**Your goal**
Where the records hold the string "Comic", show the whole line it sits on.

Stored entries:
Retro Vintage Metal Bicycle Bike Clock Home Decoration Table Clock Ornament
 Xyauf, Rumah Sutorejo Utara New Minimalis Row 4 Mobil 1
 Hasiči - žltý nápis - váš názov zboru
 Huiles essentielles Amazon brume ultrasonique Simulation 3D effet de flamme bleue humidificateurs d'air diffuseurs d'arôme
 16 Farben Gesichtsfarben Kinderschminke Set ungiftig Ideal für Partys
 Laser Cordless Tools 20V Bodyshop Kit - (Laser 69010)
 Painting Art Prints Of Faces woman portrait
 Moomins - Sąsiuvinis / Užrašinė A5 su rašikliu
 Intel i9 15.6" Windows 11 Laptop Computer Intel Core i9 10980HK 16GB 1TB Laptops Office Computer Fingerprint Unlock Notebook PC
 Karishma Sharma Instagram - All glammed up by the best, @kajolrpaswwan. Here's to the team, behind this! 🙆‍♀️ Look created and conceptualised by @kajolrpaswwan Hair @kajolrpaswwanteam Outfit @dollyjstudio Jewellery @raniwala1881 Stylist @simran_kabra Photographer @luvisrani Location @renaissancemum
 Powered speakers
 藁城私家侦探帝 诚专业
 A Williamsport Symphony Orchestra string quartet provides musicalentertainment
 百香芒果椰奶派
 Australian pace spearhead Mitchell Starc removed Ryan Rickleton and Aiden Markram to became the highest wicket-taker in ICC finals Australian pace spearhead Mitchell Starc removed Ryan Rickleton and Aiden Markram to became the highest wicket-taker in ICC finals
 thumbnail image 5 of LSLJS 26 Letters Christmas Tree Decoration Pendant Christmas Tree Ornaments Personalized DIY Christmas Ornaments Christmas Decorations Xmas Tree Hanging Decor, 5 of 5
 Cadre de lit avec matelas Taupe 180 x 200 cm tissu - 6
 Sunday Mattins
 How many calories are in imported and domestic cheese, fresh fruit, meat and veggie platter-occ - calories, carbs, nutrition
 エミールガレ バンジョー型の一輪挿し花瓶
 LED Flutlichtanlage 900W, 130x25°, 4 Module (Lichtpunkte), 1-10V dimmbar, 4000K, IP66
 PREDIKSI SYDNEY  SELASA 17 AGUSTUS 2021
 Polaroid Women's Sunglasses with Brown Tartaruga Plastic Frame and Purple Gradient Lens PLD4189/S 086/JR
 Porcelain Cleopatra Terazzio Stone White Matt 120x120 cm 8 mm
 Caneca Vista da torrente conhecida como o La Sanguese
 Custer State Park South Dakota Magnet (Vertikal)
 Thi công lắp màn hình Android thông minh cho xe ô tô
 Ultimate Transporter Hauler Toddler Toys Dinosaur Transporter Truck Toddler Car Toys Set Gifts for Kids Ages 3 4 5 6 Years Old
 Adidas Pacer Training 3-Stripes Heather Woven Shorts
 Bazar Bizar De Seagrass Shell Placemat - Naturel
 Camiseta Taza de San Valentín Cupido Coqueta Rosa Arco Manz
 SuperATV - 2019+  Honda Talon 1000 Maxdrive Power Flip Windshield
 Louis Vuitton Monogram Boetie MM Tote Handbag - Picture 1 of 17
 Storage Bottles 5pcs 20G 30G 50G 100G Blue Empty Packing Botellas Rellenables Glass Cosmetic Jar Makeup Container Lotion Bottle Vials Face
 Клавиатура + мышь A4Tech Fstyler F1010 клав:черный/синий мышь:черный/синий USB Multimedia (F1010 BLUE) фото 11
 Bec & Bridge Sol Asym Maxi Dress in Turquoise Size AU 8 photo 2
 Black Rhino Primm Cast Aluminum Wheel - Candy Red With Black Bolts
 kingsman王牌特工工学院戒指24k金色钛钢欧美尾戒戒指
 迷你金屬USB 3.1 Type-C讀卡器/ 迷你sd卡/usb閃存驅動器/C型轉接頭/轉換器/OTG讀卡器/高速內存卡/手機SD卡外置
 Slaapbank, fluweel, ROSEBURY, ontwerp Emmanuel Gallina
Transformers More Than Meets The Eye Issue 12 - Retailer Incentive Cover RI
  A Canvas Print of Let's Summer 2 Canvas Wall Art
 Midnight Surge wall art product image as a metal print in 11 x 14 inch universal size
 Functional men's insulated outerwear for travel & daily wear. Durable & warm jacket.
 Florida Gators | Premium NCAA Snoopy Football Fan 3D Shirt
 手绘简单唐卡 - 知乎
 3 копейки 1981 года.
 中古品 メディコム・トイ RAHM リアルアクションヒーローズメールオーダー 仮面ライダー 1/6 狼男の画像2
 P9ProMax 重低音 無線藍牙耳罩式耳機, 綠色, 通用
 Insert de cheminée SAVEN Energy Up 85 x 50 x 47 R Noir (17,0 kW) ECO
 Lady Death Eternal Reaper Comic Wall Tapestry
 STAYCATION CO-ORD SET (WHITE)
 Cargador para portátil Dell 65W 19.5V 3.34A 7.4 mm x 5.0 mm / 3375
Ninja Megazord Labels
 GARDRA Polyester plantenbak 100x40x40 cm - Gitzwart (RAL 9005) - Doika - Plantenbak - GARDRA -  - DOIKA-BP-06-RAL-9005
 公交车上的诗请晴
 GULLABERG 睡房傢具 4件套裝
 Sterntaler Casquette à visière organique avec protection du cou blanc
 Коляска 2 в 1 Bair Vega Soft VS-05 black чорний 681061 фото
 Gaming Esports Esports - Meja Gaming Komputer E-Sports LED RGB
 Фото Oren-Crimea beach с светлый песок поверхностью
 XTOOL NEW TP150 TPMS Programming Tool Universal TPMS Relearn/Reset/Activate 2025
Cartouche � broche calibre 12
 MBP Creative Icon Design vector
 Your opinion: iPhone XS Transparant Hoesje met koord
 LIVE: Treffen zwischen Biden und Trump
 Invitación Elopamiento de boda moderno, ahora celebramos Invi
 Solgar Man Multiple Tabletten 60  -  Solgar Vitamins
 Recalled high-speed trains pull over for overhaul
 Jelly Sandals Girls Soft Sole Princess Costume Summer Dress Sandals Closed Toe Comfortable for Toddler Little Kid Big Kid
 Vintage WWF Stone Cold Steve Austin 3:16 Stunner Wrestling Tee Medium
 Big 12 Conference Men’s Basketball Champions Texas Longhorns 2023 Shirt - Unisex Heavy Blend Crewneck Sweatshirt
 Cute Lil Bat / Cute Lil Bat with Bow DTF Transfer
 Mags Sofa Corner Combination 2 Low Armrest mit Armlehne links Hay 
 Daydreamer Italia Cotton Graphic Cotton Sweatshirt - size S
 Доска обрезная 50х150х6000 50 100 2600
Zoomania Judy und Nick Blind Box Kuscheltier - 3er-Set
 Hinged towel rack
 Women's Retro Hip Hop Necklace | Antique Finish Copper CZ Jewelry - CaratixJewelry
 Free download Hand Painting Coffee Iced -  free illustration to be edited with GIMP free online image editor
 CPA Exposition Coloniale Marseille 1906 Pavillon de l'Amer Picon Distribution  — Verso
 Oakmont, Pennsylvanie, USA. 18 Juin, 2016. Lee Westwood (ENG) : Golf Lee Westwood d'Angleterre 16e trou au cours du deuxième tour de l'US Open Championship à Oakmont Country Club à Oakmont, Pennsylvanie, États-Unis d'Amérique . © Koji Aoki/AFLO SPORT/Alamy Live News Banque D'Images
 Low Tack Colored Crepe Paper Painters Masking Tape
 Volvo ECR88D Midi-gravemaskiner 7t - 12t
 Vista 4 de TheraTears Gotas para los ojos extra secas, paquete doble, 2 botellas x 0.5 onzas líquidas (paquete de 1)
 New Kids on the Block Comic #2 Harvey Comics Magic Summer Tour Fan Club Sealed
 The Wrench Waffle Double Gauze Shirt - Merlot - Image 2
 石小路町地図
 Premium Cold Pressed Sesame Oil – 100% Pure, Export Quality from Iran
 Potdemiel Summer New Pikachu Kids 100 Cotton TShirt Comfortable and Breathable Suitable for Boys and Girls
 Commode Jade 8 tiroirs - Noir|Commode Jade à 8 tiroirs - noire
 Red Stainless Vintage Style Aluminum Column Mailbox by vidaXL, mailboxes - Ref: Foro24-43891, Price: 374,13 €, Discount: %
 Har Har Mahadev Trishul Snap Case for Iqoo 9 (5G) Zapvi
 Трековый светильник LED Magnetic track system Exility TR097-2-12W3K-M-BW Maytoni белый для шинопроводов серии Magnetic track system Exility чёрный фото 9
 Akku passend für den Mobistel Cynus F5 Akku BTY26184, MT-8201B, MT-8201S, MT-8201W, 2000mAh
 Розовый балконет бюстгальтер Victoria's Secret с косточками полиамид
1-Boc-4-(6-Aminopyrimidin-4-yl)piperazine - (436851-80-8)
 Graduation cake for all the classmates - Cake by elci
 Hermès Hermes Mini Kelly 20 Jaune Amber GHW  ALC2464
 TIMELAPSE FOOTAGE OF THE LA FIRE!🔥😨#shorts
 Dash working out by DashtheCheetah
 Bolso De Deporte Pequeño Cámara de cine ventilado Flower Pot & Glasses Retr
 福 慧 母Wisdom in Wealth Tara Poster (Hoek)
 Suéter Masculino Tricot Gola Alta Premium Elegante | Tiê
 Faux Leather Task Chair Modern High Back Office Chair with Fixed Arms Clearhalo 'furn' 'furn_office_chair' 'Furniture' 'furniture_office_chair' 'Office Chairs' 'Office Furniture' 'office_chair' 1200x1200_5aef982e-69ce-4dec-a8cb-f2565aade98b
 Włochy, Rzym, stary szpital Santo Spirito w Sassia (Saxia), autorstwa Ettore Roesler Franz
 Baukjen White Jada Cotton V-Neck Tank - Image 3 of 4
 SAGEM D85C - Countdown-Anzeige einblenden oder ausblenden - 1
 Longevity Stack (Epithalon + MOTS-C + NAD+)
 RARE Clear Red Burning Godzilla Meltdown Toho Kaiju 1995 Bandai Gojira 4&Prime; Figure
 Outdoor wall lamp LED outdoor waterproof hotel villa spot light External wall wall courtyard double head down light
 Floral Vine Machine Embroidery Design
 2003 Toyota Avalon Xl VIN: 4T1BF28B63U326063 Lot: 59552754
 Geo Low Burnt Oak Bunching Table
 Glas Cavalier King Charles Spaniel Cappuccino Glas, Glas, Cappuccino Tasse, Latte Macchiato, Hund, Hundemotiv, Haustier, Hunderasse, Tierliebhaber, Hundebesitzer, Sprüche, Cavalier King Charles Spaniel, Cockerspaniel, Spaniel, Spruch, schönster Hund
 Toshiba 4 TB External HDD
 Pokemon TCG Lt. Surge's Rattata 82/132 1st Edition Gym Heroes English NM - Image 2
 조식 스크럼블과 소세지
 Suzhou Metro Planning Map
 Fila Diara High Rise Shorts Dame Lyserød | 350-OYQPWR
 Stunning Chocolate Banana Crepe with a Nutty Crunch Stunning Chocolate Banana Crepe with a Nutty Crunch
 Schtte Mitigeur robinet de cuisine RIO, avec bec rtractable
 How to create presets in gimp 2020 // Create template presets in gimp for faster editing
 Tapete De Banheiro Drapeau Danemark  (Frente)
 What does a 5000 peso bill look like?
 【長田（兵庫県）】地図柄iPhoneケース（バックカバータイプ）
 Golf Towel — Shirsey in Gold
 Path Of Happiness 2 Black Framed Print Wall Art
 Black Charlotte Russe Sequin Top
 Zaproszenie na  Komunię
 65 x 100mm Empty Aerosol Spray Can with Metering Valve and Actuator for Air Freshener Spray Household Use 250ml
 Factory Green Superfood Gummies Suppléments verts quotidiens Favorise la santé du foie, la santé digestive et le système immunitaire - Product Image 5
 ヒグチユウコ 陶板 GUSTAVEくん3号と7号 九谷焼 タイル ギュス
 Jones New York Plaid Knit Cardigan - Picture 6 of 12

**Task output**
 Lady Death Eternal Reaper Comic Wall Tapestry
 New Kids on the Block Comic #2 Harvey Comics Magic Summer Tour Fan Club Sealed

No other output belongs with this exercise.